If I could be any blogger in the whole world, I would be Nancy Nall. I’ve read her every day for five or six years and you should too. Nancy, who found life beyond newsprint, treats her blog like a morning stretch before her real work begins, but seems always sharp. It will take me a long time to do it with the agility and smarts that she does – but that’s my hope.

Now it’s launched. Have a look around the rest of hankstuever.com and tell me anything you think I should know.

5 Comments

  1. blathering on July 14, 2009 at 11:12 pm

    Welcome to the blogosphere. My only Christmas contribution is
    another blog but it features “a cavalcade of bad nativities.”
    Enjoy!
    http://www.goingjesus.com/cavalcade1.shtml

  2. Jolene on July 15, 2009 at 9:55 am

    Three tecnical suggestions.

    1. Your blog needs a favicon. You can find favicon generators
    online. I’ve never used one, so I can’t recommend anything, but it
    appears that there are several you could try. Am not sure whether
    it would work to use something with as much detail as your book
    cover, but perhaps you could work w/ your cover designer to create
    something that used the T from the title and the squiggle
    surrounding it. Or whatever.

    2. You need to do whatever needs to be done to make the text wrap
    in this comment box. I’m having to hit return to see what I’m
    typing because, without returns, the text disappears under the edge
    of the comment box.

    3. Consider adding a preview or edit function of some sort.
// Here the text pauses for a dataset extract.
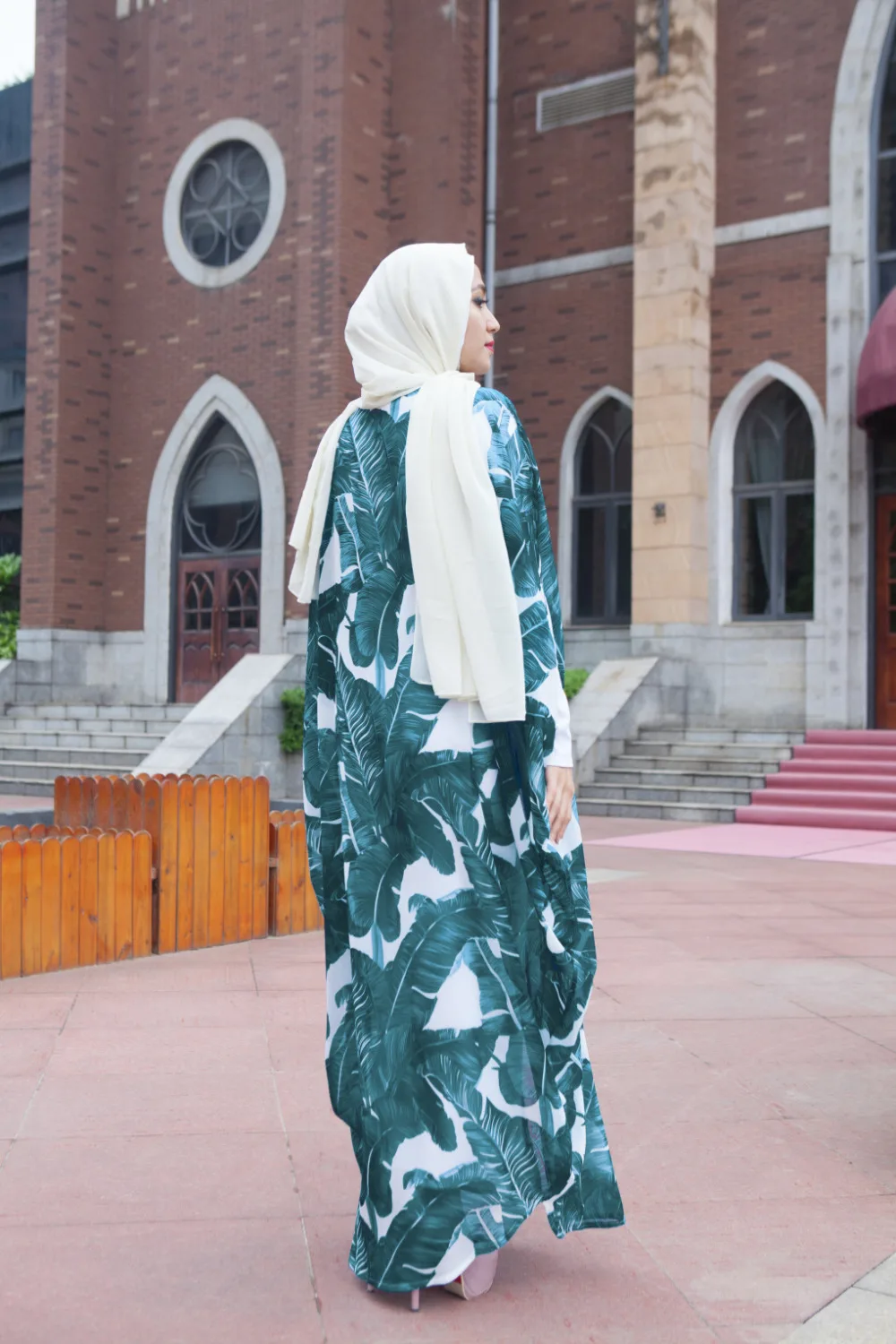 Casual Muslim Abaya Print Maxi Dress Bat Sleeve Long Robe Gowns Festival Middle East Ramadan Worship Service Islamic Clothing
Casual Muslim Abaya Print Maxi Dress Bat Sleeve Long Robe Gowns Festival Middle East Ramadan Worship Service Islamic Clothing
    Am looking forward to being a regular reader. I’ve missed you
    since you became an editor, so this will be fun.

    And, by the way, you’re right about Nancy. She’s the best.

  3. MichaelG on July 15, 2009 at 10:09 am

    Welcome. I’ve enjoyed your columns immensely. There are too few really good writers and I’ve always thought you were one. I have to admit I’ve mooched your stuff on line rather than buying the WaPo but then I live in CA. I’ll be following along and oh, yes, Nancy sent me.

  4. The Subtle Rudder on July 15, 2009 at 10:15 am

    Welcome, and glad you’re here. I loved Off-ramp and I read Nancy Nall, so it’s a pleasure that those 2 things have collided.

  5. pato' on July 15, 2009 at 10:37 pm

    Also a big fan over the years, Hank, and yeah, a daily Nancy Naller, too. Looking forward to your take from the blogosphere.